Число албанчиков было огромное: они составляли главную опору могущества князя Радзивилла. В Слонимском уезде число албанчиков доходило до того, что если, как говорили современники, замахнёшься палкою на собаку, то непременно ударишь албанчика. Хотя главным образом большинство албанчиков состояло из убогой шляхты, было привязано к Радзивиллу за его щедрость, потому что они ели его хлеб, и хлеб вкусный, а он, как сильный магнат, помогал членам основанного им общества всем – и деньгами, и силою, однако к чести албанчиков надобно сказать, что они не изменили своему покровителю и в то время, когда его постигло несчастье, когда он, по приговору короля и сейма, был наказан банницией, то есть изгнанием из пределов отечества, и когда несметные его богатства были конфискованы. Конфискованное имение следовало по закону отдавать в аренду, и албанчики условились между собою взять на себя все конфискованные имения князя Кароля. Только что проведала об этом шляхта, как никто не решился брать в аренду имения изгнанника, боясь мщения его приверженцев – албанчиков, поэтому они сами и разобрали радзивилловские волости за самую ничтожную плату в пользу казны и постановили между собою посылать к князю за границу половину всех доходов; таким образом миллионы переходили ежегодно чрез варшавских банкиров в Рим, Венецию, Стамбул, всюду, куда ни являлся изгнанник, по-видимому лишённый насущного хлеба, а между тем живший с такою роскошью, которая, как чудо, поражала современников, и которая потом уже казалась баснословною. Это обстоятельство породило, между прочим, выдумку о каком-то неразменном радзивилловском дукате, величиною с жерновой камень.

Каждый член албанской банды подписывался "радзивилловский приятель" и назывался другом дома, "домовником". В разговоре с албанчиком князь называл его "пане-коханку", т. е, почти то же, что: мой любезный, а так как он постоянно говорил с албанчиками, то он до того привык к этим словам, что они сделались его постоянною поговоркою, и он кстати и не кстати повторял их в разговоре с кем бы то ни было, даже с самим королём, и это было причиною, что он во всей Польше был известен под именем: "пане-коханку"! Хотя между албанчиками с их главою ясно проглядывали отношения покровительствуемых в своему покровителю, тем не менее однако князь Радзивилл переносил их дерзости не с запальчивостью магната, но с снисходительностью доброго человека. Так однажды он крепко поссорился с одним из албанчиков, паном Игнатием Боровским; долго продолжалась эта ссора, наконец приятели уговорили Боровского отправиться в Радзивиллу на мировую. Богато-разодетый Боровский явился в князю в день его ангела, когда князь был окружён огромною толпою гостей.

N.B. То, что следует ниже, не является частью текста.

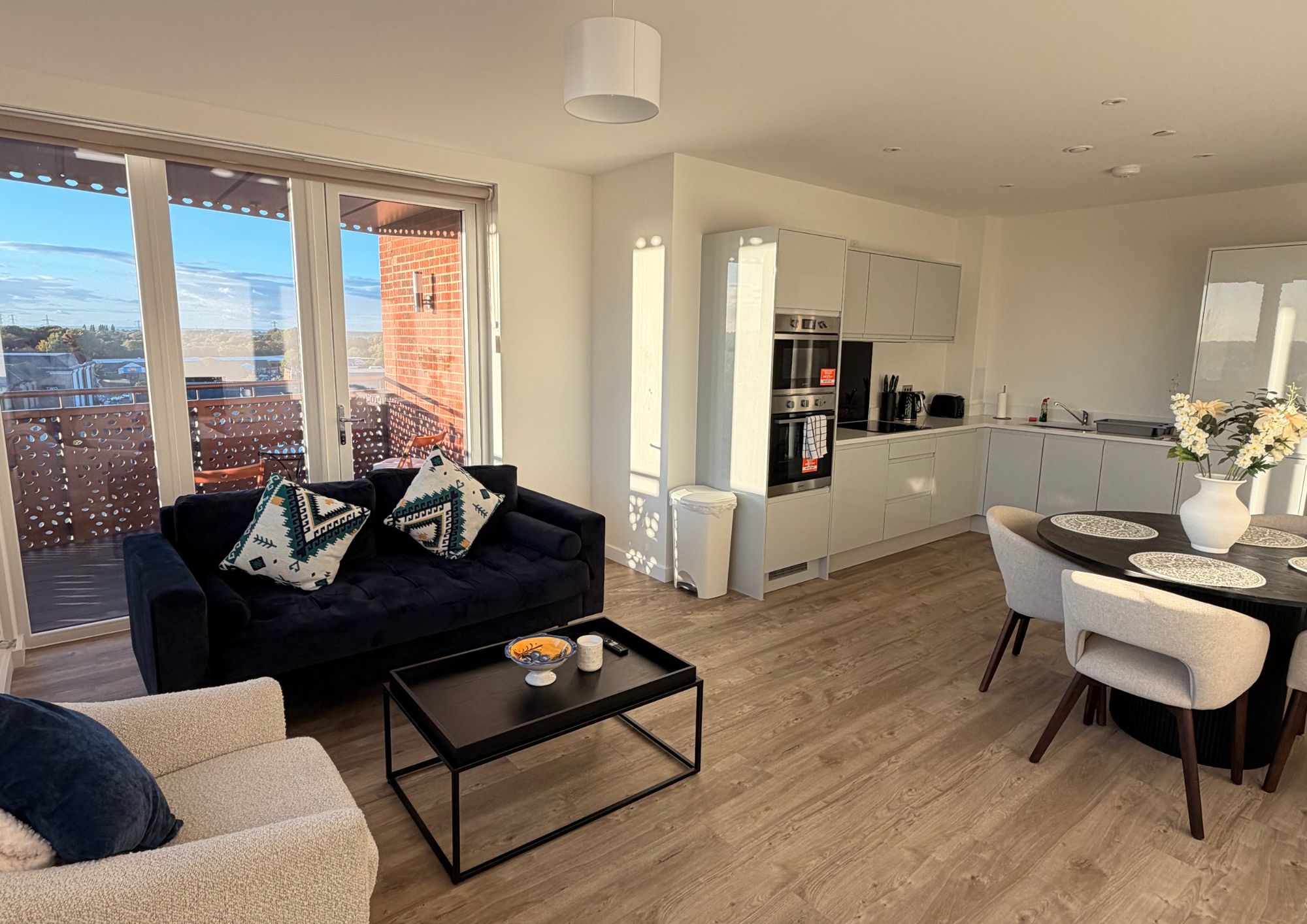 Un salon moderne comprenant un canapé, une table basse et un coin repas avec des chaises et une table.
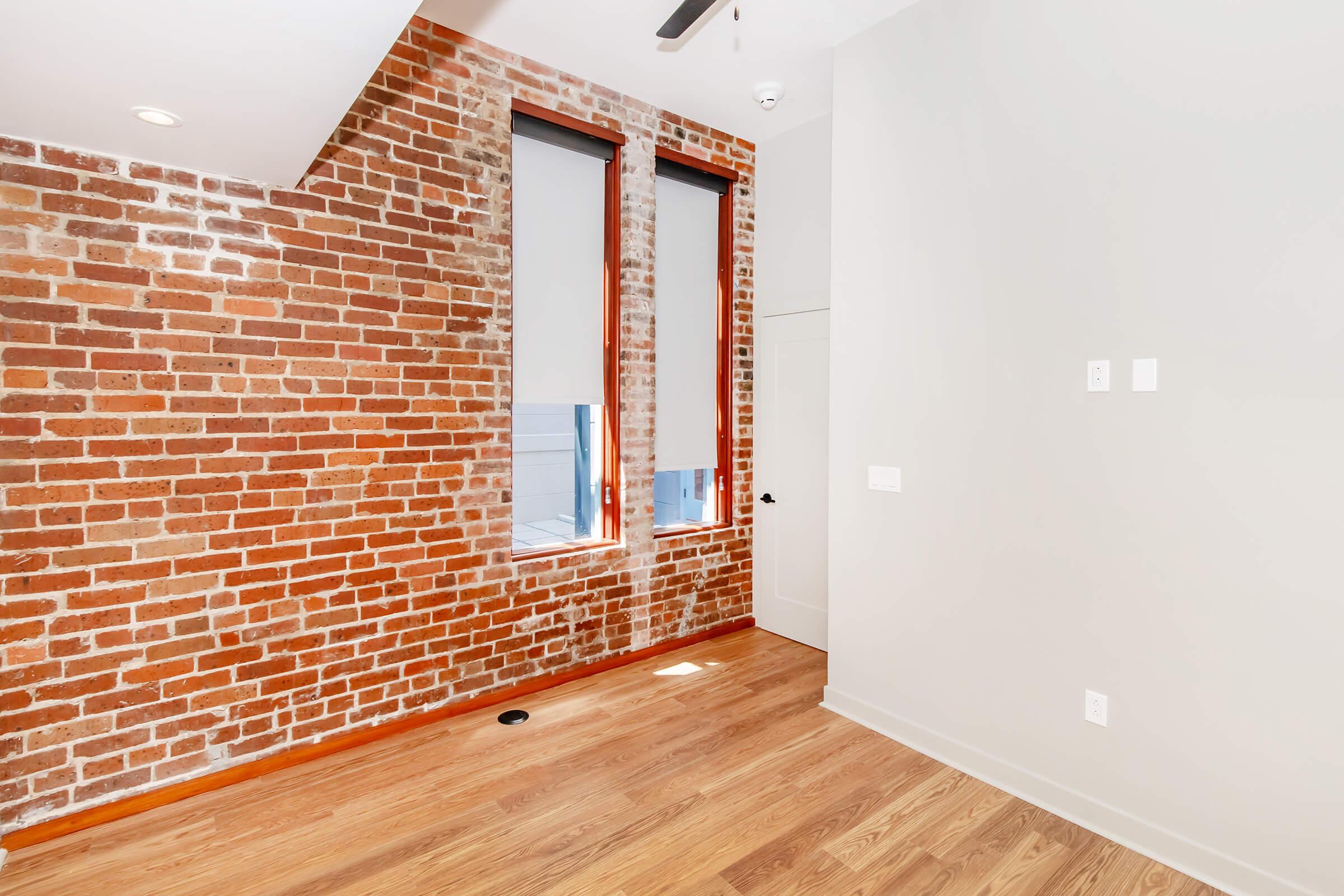 A modern interior featuring a textured brick wall, large windows with roller shades, and a light-colored room with wooden flooring. The space is well-lit with natural light, creating a cozy atmosphere.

– Ну что слышно нового? – спросил Радзивилл Боровского, стараясь заговорить с ним.

– Что слышно нового? – повторил Боровский. – Слышно, что в Литве явилось два дурака.

– Кто ж они? – спросил Радзивилл.

– Кто они? – повторил опять Боровский, – один – князь Радзивилл, а другой – шляхтич Боровский.

– Отчего ж это?

– Оттого, что оба поссорились друг с другом, сами не зная за что.

Радзивилл, вместо того, чтобы рассердиться, дружески поцеловал шляхтича, сказав ему от сердца:

– Ну пане-коханку, перестанем же быть дураками, помиримся.

И приязнь между магнатом и шляхтичем скрепилась ещё более.

Для членов банды был особый мундир, он состоял в следующем, весьма красивом одеянии: при жёлтых сафьянных сапогах были надеваемы красные шаровары, крепко стянутые пониже талии, на желудке, шёлковым шнурком с кисточками, жупан или нижнее платье из голубого атласа, застёгнутый на шее и на груди четырьмя шёлковыми пуговками того же цвета, а среди их запонки из голубой эмали с брильянтовыми буквами X. K. R. как начальными литерами титула, имени и фамилии Радзивилла; на шее, из-за жупана выпускался пальца на два белый воротник рубашки. Сверх жупана надевался кунтуш соломенного цвета из плотной шерстяной материи, вроде сукна, называемой сайета, с синим воротником, подбитый шёлковою материею такого же цвета, как был цвет жупана. Литой серебряный пояс перехватывал кунтуш; на этом поясе были рассеяны незабудки и астры; пояса эти выделывались в Слуцке для одних албанчиков; с боку привешивалась большая кривая сабля; на рукоятку её, украшенную иногда дорогими камнями, клали голубую бархатную шапку с околышем из крымской мерлушки. Рукава кунтуша забрасывали назад и зашпиливали на крючок.